One thing that has become clear to me is that I function best with plans and targets – and not just in the work environment. When we have a week off I like to think about things we could do, places to visit and so forth and am terrible at just taking each day as it comes. For example when we hit the states last year I had spent hours on the web looking for things to see near our hotels, places to check out when we had free time and so forth. And it didn't matter to me at the end that we had done hardly any of them as the holiday was well structured anyway, but going into it without a plan to fall back on gave me the creeps. I'm the same every weekend – I need to think about when we will go shopping, if we can take a day trip or whatever. Just waking up on Saturday morning with nothing on the agenda scares me! I feel like I flounder around and waste the day without something to aim for. So telling myself that I want to sit in the sun and read a couple of days in advance is much easier than just deciding to relax and do just that on the day.
We have also stopped paying attention to the local press, as they seem to delight in pouncing on the smallest mistake or problem whilst ignoring many of the great things that are being done.
I had planned to write more than that when I started this draft a couple of days ago, but can't now recall what so instead I shall drop in something I wrote after the fourth session which sums up a lot of how I felt.
I am sitting at a desk, in an office, in an average building in an ordinary town and I wonder why I am still here.
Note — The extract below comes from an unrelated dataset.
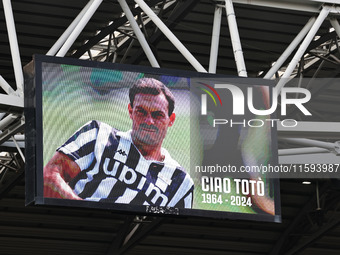 Homage to Toto Schillaci during the Serie A 2024-2025 match between Juventus and Napoli in Turin, Italy, on September 21, 2024 (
I am not the oldest person in my team, but I often feel I ought to be as I have been here longer than anyone else. They make a joke of it when new people join us: “oh, he's part of the furniture” they say. And I wonder which part.
I have been trodden on by the ambitious as they make their way into jobs I have better skills for, so maybe I am the carpet. But does that count? Is a carpet really furniture? So maybe I am a chair – certainly I feel the weight of days sitting on me sometimes. And I have saved many an overeager manager from hitting the floor when their plans have gone awry.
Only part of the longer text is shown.